((

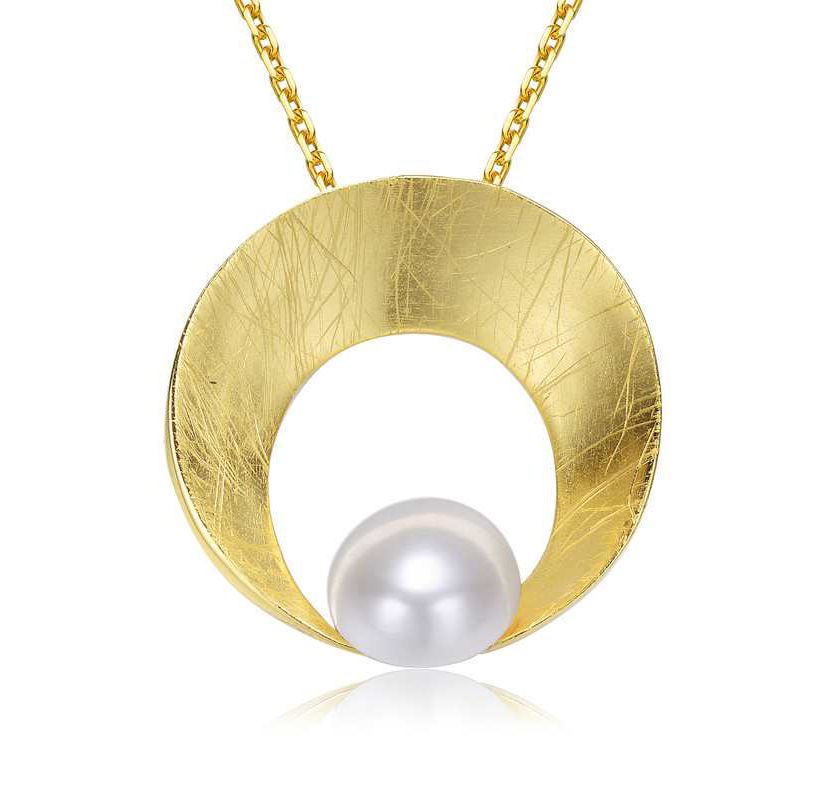 Lab Created Sterling Silver 14K Gold Plated with White Genuine Freshwater Pearl Round Pendant Necklace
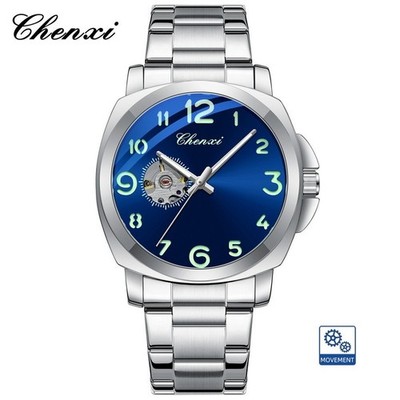 CHENXI Men's Chubby Luminous Number Stainless Steel Automatic Mechanical Watch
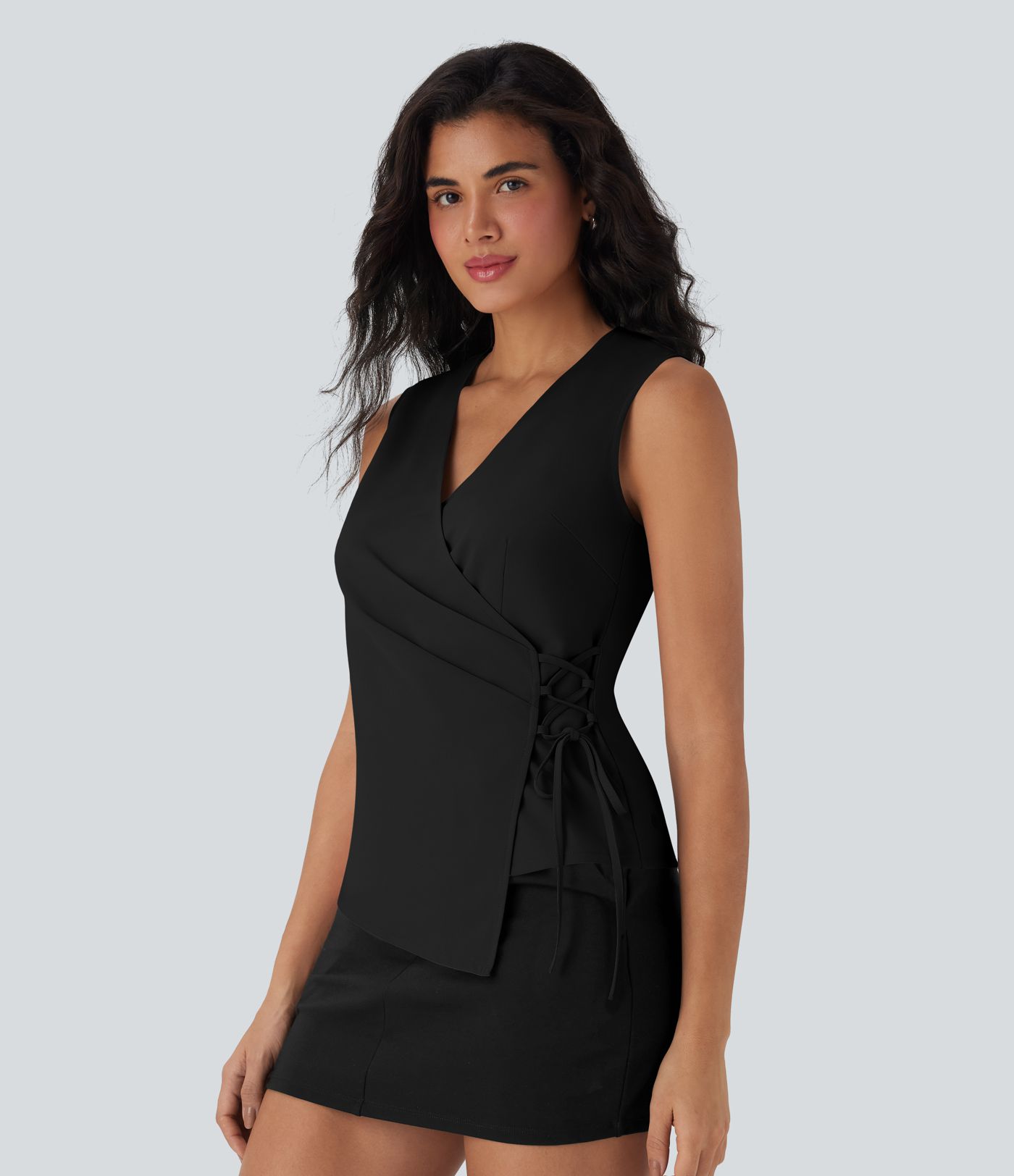 V Neck Wrapped Crisscross Lace Up Work Vest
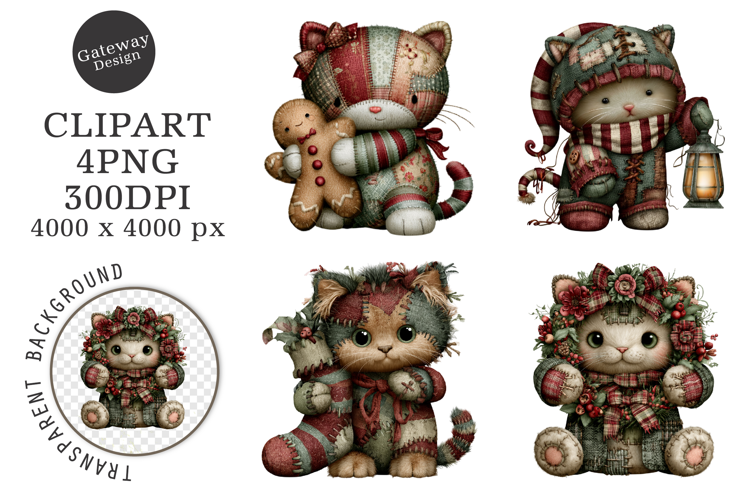 Vintage Patchwork Christmas Clipart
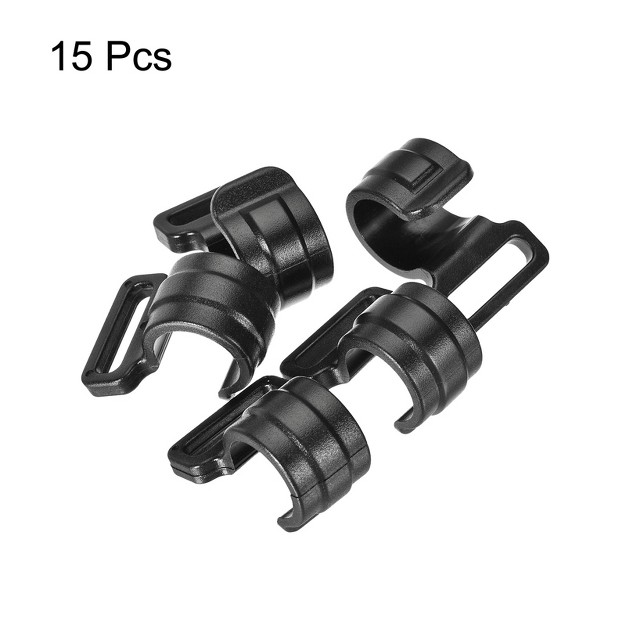 Unique Bargains Outdoor Camping Id C Shape Plastic Clamp Tent Pole Clips Black 15 Pcs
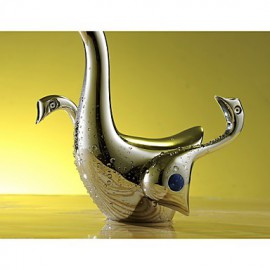 Aquafaucet Swan Bathroom Sink Vessel Faucet Vanity Mixer Tap Chrome Brass Two Handles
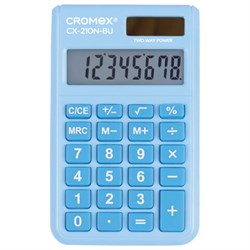 Калькулятор карманный CROMEX (КРОМЕКС) CX-210N-BU (96х62 мм), 8 разрядов, двойное питание, голубой, 273835 - фото 17000941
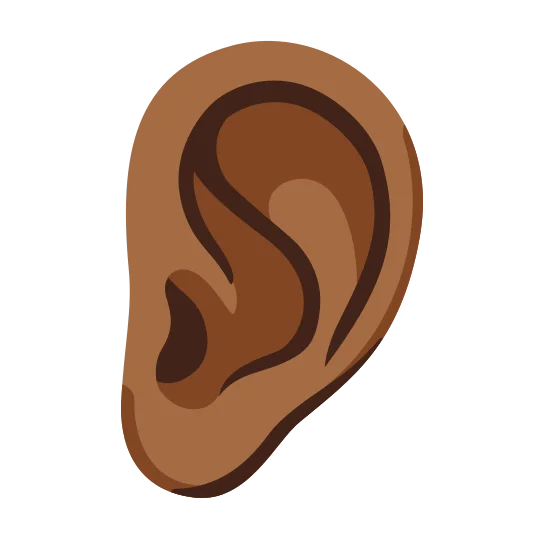 The ear: medium-dark skin tone emoji.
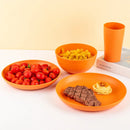 Ljojo 24-Piece Orange Wheat Cutlery & Dinnerware Set for Unbreakable Dining Experience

))

Return word for word the line bearing "V Neck Wrapped Crisscross Lace Up Work Vest" and every later line of the entries, but none of the pictures.

 V Neck Wrapped Crisscross Lace Up Work Vest
 Vintage Patchwork Christmas Clipart
 Unique Bargains Outdoor Camping Id C Shape Plastic Clamp Tent Pole Clips Black 15 Pcs
 Aquafaucet Swan Bathroom Sink Vessel Faucet Vanity Mixer Tap Chrome Brass Two Handles
 Калькулятор карманный CROMEX (КРОМЕКС) CX-210N-BU (96х62 мм), 8 разрядов, двойное питание, голубой, 273835 - фото 17000941
 The ear: medium-dark skin tone emoji.
 Ljojo 24-Piece Orange Wheat Cutlery & Dinnerware Set for Unbreakable Dining Experience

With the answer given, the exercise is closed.